Jesus showed grace, mercy, acceptance, and honor to the woman at the well. He was a friend of sinners and did not condemn or look down on her. His style is to bring people to the truth, to be freed through truth and repentance. He spoke words of knowledge to her with such grace and love that the Samaritan woman boasted, “He told me everything I ever did!” Imagine her many sins, which she’d tried to hide, but now openly proclaimed. Jesus delights in mercy, not judgment. He had come to take her judgment. He valued her, revealing Himself as Messiah. He had come to die for her sins to save her from them. Mercy would be realized.

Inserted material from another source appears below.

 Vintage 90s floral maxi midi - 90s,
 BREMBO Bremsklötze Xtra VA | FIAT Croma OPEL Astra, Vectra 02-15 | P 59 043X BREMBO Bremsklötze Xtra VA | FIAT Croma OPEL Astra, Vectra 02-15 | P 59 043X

Jesus lived and modeled love for every race, gender, and sinner. Since He is perfect and sinless, He is good—for He truly is God incarnate. He came to earth to save us, lift us up, and release us from what holds us down: sin. Jesus is not the story book prince that saves one damsel. He is the King of Kings, God incarnate, that came to save us all from our sins, defeat death, and make eternal life possible for any who will believe and receive!

The Lord used John 4 and the interaction Jesus had with the woman at the well to help me understand that He knows all about me—He has seen all of me, all my life. He died in my place and forgave me completely, so like the woman at the well, I want to tell everyone how good Jesus is! He knows me fully, loves me perfectly, accepts me completely, believes in me unashamedly! Wow, what a Savior!

He is the restorer of our hope.

Asking the Hard Questions

As we consider our world and the great need for Jesus, let’s ask some tough questions that may test our beliefs in the truth of God’s Word. Please promise not to make quick judgments or stop reading just because of the questions. They are hard questions for a determined purpose. Base your answers on God’s Word, not culture.

  1. Do you believe God is fair, good, powerful, and able to do the impossible?

  2. What is the reason a person can go to heaven? Can just anyone get there?

  3. How can a person have assurance that they have eternal life?

  4. Do you believe you are a good person? Will you go to heaven based on your goodness? Why or why not?

  5. Would a good God send a good person to hell?

  6. Do you believe a person can be a Christian and be homosexual and continue in this lifestyle long-term without any conviction? Why or why not?

  7. Do you believe God forgives murderers? Pedophiles? Homosexuals? Transgenders? Parents who abort or abuse their children? Rapists? Pimps? Sex traffickers and sexually immoral individuals?

  8. Can God transform people like these into fully functional, healthy people with an identity in Christ? Can these people go to heaven?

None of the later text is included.